BEGIN EXTRACTED RECORDS

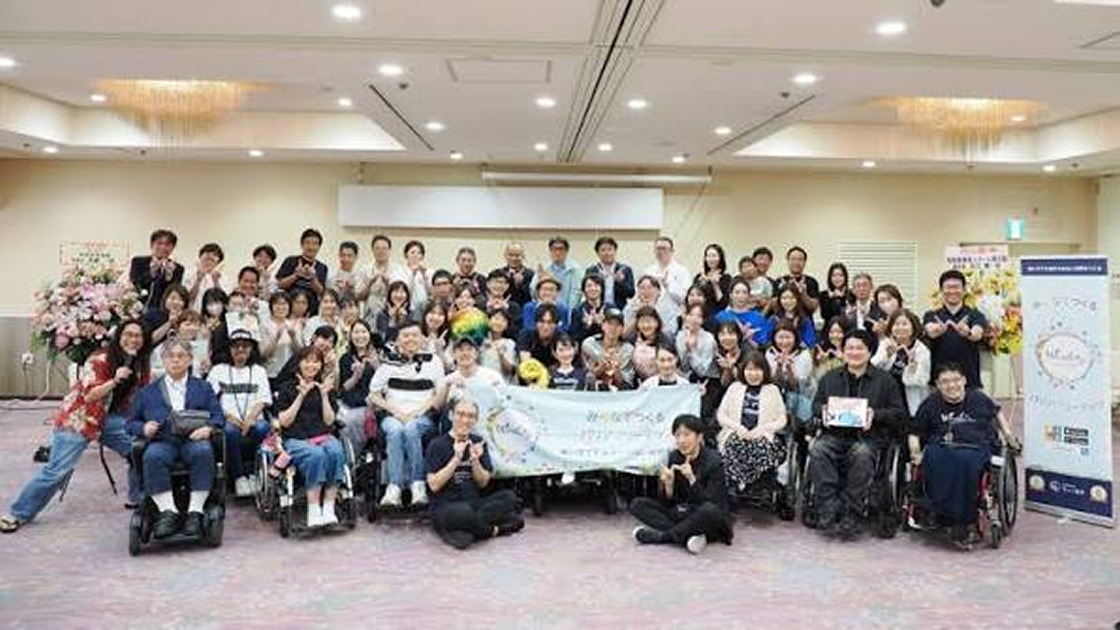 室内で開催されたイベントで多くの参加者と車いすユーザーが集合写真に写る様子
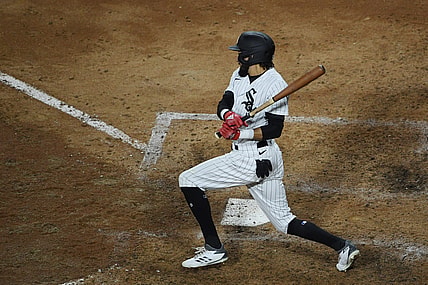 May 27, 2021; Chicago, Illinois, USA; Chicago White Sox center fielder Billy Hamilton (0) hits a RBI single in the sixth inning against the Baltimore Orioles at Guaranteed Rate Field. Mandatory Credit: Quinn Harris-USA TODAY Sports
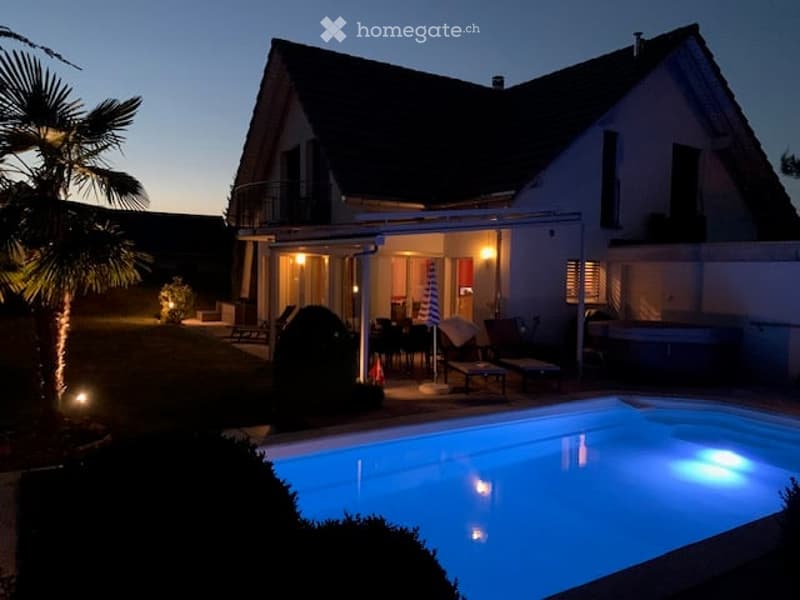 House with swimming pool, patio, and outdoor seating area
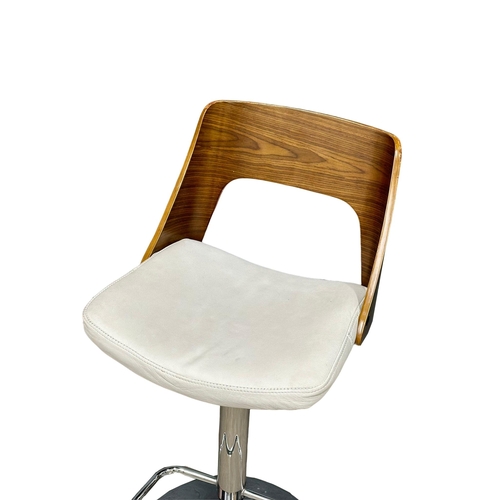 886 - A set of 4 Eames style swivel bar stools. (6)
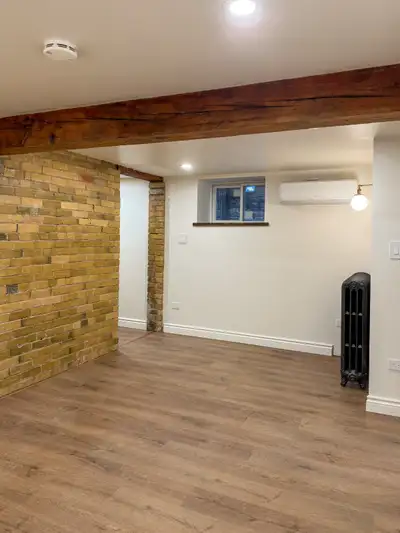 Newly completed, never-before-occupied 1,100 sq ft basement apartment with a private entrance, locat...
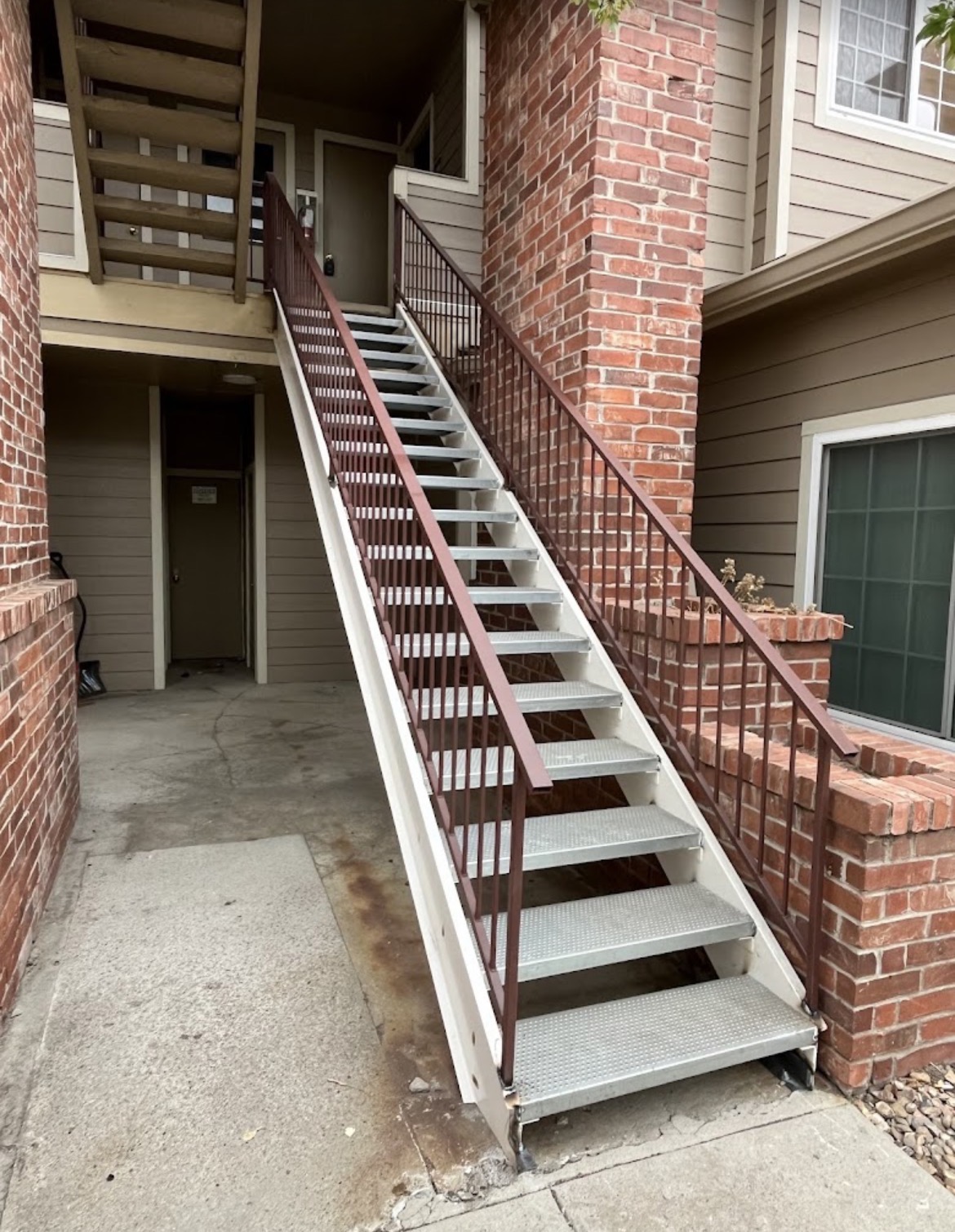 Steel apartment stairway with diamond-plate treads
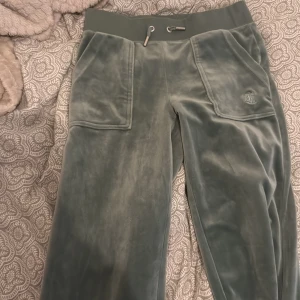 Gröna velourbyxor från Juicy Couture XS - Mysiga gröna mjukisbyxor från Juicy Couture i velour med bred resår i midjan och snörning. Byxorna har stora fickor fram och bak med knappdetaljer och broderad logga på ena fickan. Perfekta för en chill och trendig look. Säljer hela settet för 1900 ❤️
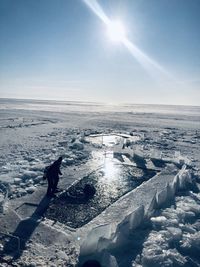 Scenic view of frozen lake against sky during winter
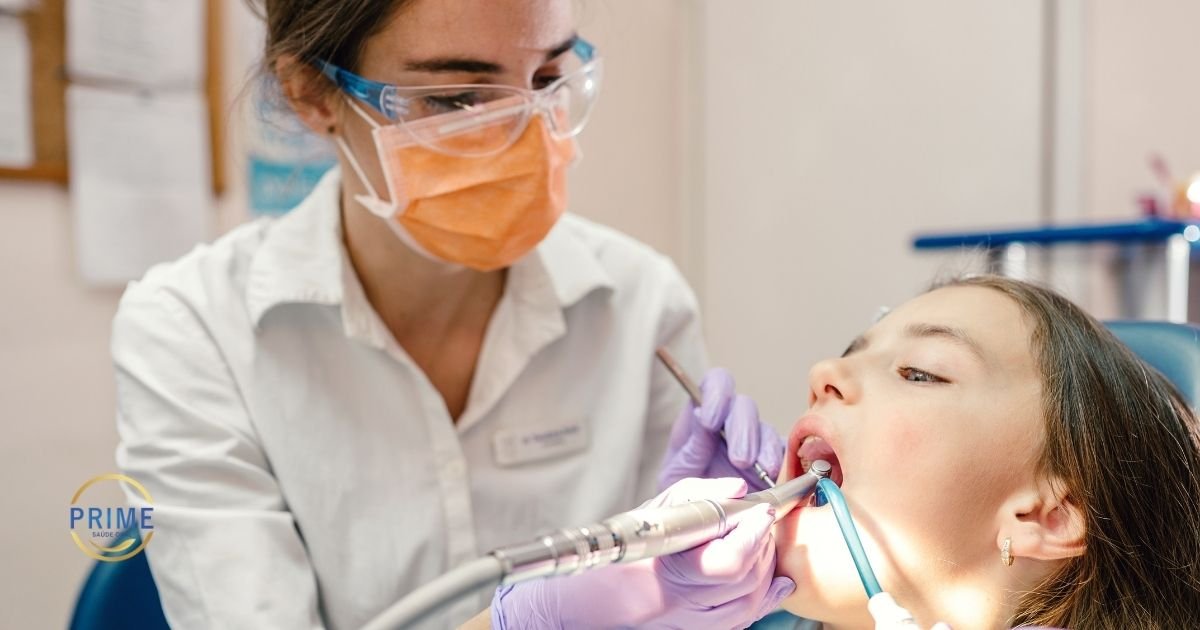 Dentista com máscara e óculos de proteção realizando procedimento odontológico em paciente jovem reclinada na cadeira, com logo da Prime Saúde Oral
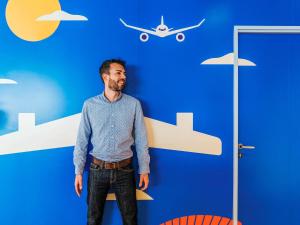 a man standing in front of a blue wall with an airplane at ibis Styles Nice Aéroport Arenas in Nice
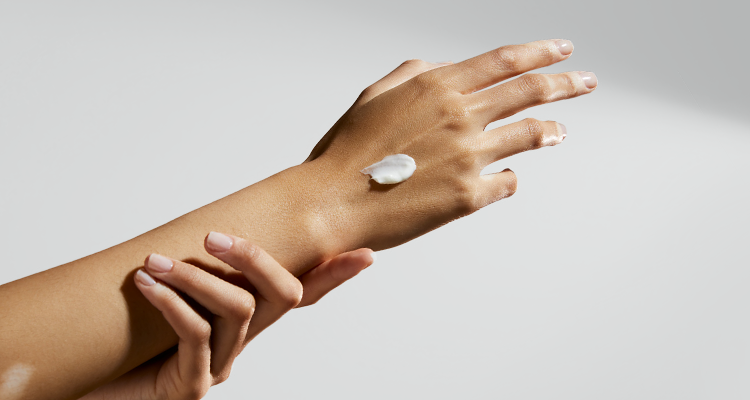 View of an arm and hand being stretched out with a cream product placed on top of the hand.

END EXTRACTED RECORDS

▶ _TASK DETAILS_
Pictures do not belong in your copy; restate word for word the lines from the one containing "Dentista com máscara" through the last line of the records above.

▶ _TASK SOLUTION_
 Dentista com máscara e óculos de proteção realizando procedimento odontológico em paciente jovem reclinada na cadeira, com logo da Prime Saúde Oral
 a man standing in front of a blue wall with an airplane at ibis Styles Nice Aéroport Arenas in Nice
 View of an arm and hand being stretched out with a cream product placed on top of the hand.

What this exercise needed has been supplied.